[caption caption="www.kompasiana.com"][/caption]Dear Diary,,
‘Biarpun merdunya pekikan burung itu lenyap, tak mengapa jika akan ada siulan baru burung pipit yang hinggap di dahan sebelah. Nun jauh disana sebuah bintang menjelma bagai bongkahan ilusi yang tak lekang oleh waktu. Gemericik gerimis menyiratkan, tak ada lagi waktu yang tersisa. Dapatkah ia kembali seperti sediakala?’
Siuuuuuuuuuuuuu, suara bergemuruh…
Sudah mesti tak ada lagi episode baru yang sejatinya tak harus ada, bukan maksud menutupi. Namun sebagian inti dari semua ini adalah kamu.

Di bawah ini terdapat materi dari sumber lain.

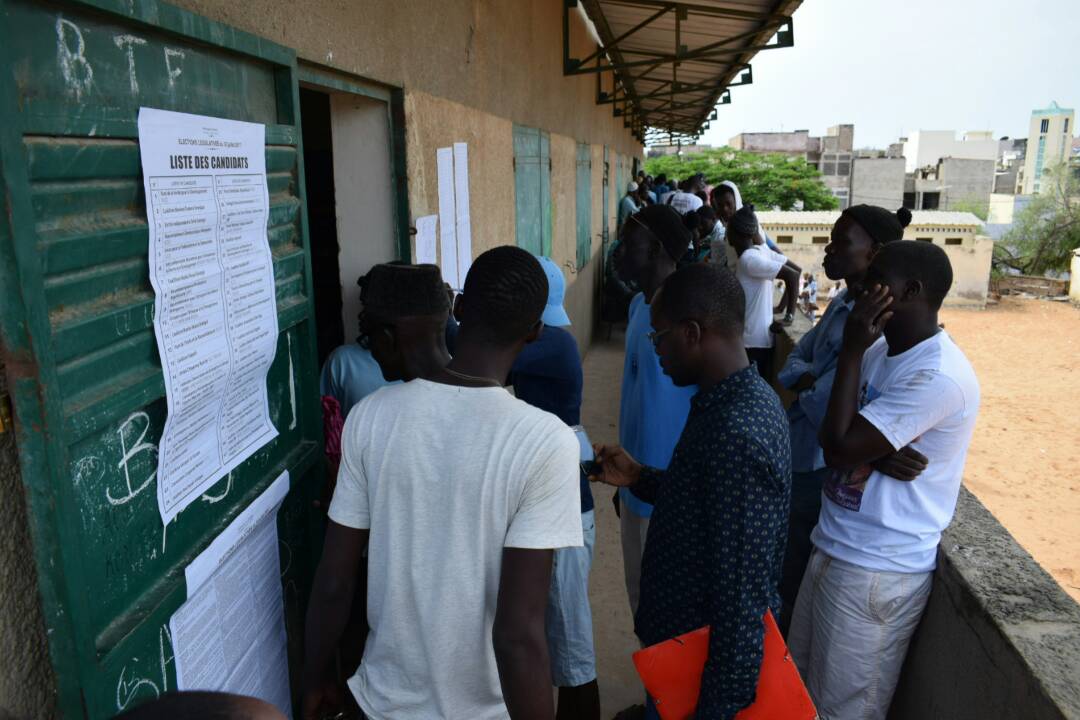 (Photos) Pikine -  Bureau de vote N09  - Entre l’étincelle et le feu?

“Jadi gitu tho Bi?” aku hanya bisa mengiyakan perkataan Bibi,
“Berarti udah lama ya dia digituin. Pantesan aja ada yang beda dari sikap dia, suka cari perhatian. Ternyata dia punya luka di masa lalu?” tambahku.
Hay Dear,,,
Kala itu aku masih tak percaya jika Ia seperti itu. Tapi aku pun merasa ada hal aneh darinya, feelingku mengatakan bahwa ia punya dunia lain. Pikirku mungkin dunia ciptaanyanya itu adalah hasil dari pemberontakannya dari luka hatinya yang sudah lama yang mungkin saja mengeras.
Dalam-dalam ku hirup udara segar menyegarkan hidung, menarik semua energy positif dari sekitar. Dengan sabar aku menunggu bersama ia yang ku anggap lara hatinya itu. Tapi Dear bila diperhatikan lebih sekasama nyaris tak ada yang salah. Senyumnya merekah, matanya sedikit sayu dan sedikit muka lelah yang tertera. Entah apa yang ku rasa, melihatnya dengan enggel seperti ini membuat ia tampak lebih karismatik. Begitulah pikirku, padahal ia punya setumpuk beban yang tak berkesudahan.